Nikah günlerinde de siyah uzun saçlarına papatyadan bir taç kondurup, papatyalarla dolu kocaman bir salıncak hazırlatmıştı. Ayaklarını yerden aşkla kesmişti. Ve sürpriz olarak hazırladığı kır düğünlerinde de ayaklarının altına bir seferde sermişti yüzlerce papatyayı. Bu kez de tutkulu erkeği oynamıştı ona ve ayaklarına…
Merin’in yüreğindeki o tiyatrocu adam sadece başkaları için değil Merin içinde çok yakışıklıydı. Necati’nin yanındayken ela gözlerinin derinliklerine baktığında içi erirdi. Onun için tek mutluluk vardı onun adı da Necati’ydi. O zamanlar bu duygu karşılıklıydı ya da Merin böyle düşünmek istiyordu. Onun da ayakları yerden kesilmiş onu tanıdıktan sonra toy bir delikanlıya dönüşmüştü sanki. İki deli kan iki ayrı bedende ancak tek bir yürek olarak atıyordu adeta. Öyle miydi gerçekten ya da Merin’in kendine itiraf etmekten bile kaçtığı başka bir şey miydi? Necati’nin flörtöz olduğunu hissediyordu. Ruhundaki şiir sevdasının ve rol kesme alışkanlığının sadece sahnede değil gerçek hayatta da uygulama hastalığının oldukça ileri seviyede olduğunun farkındaydı. Necati’nin kendisine sunduğu her güzelliği başka bir kadına da sunabileceğini düşünüyor sonra da düşündüğünden utanıp biricik aşkının onu asla aldatmayacağı fikriyle kendini mutlu ediyordu. Çünkü onun Necati’si biricik sevgilisine rol kesmezdi. Hiçbir rol onun yaptığı her şey de o kadar samimi olamazdı. Mesela onun Necati’si ne zaman Merin’e sarılsa dudağının kenarındaki küçük beninden bir öpücük almadan bırakmazdı. Onun Necati’si yer mekan zaman gözetmez canının çektiği her yerde onu öpücük yağmuruna tutardı. “Dudakları kainata bedeldir papatya saçlı kadınımın” derdi. Birbirlerini saran parmakları sanki dans ederdi bedenlerinde. Onun kadını olmak bir şerefti Merin için.

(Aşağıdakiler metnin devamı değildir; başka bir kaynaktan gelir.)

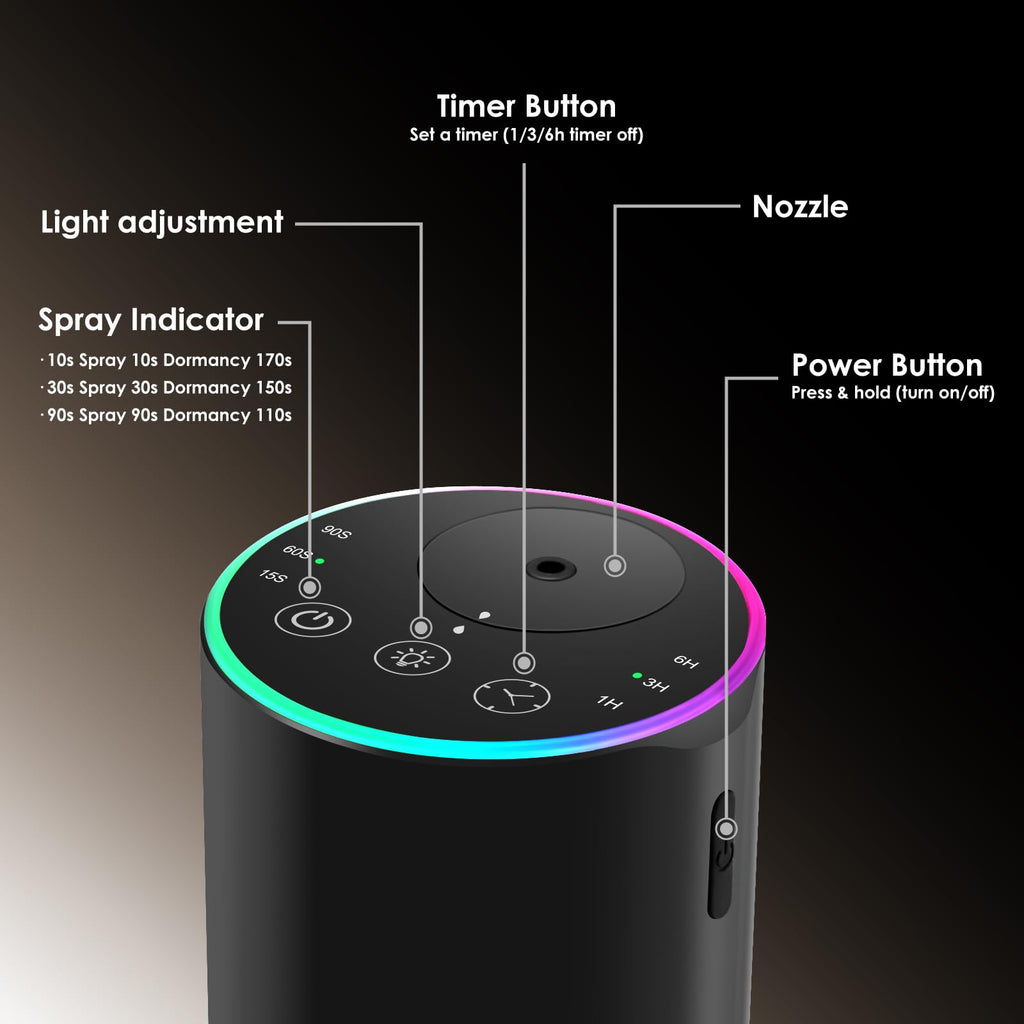 Waterless Diffuser with 4 x 20mL Hotel Fragrance Oil,Aluminum Alloy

Her güzel şeyin bir sonu vardır derlerdi de Merin kendisi aşklarının bir sonu olabileceğini asla düşünmez ve bu sözü asla kendi evliliğinin üstüne kondurmazdı. Ta ki o güne kadar…
Annesini ziyarete gittiğinde sevgili eşine sürpriz yapmak için döneceği günü söylememişti ya da içini kemiren bir şeyleri gün yüzüne çıkarmak için sürpriz ayağına yatmıştı. Merin bunu kendine itiraf etmek istemese de dışı -sürpriz- derken içi -baskın- demekten kendini alamıyordu.
Zile basmamıştı. Öyle ya sürprizde zile basılmazdı. Parmak uçlarında yürüyerek doğruca yatak odasına gitti. Yatak boştu ancak çok dağınıktı. İçini kemiren kurdun emirlerine uyarak ellerini ve gözlerini çarşafta gezdirdi. Sarı papatyalı çarşafın üstünde henüz kurumamış beyaz ıslaklıklar vardı. Merin’in kalbi ritmini çoktan bozmuştu. Üstelik banyodan gelen kahkaha seslerinin bir erkek ve kadına ait olduğunu anlamak çok zor değildi.
Gitmekle kalmak, avazı çıktığınca bağırmakla susmak, evi yakmakla sessizce çekip gitmek arasında uzun süre gitti geldi. Gözleri karşı duvardaki düğün fotoğrafına takıldı. İçindeki fırtınayı o fotoğrafı yere fırlatıp üstünde tepinerek birazda olsa hıncını giderebilmişti. Ancak fırtına bu kadarla bitecek gibi değildi. Dudaklarından çıkabilecek en yüksek tonuyla çığlığını bastı.
“Laneeet olsuuun! Üstelik benim yatağımda”
Bu odada hatta bu evde daha fazla kalamazdı. İhanetin pis kokusu genzini yakıyordu. Öyle pis bir kokuydu ki bu içindeki bütün papatyaları soldurdu. Güçsüzleşen bacakları bir anda çözüldü ve yatağının yanına çöktü. Dizlerinin üstüne kapanıp hıçkırıklara boğuldu.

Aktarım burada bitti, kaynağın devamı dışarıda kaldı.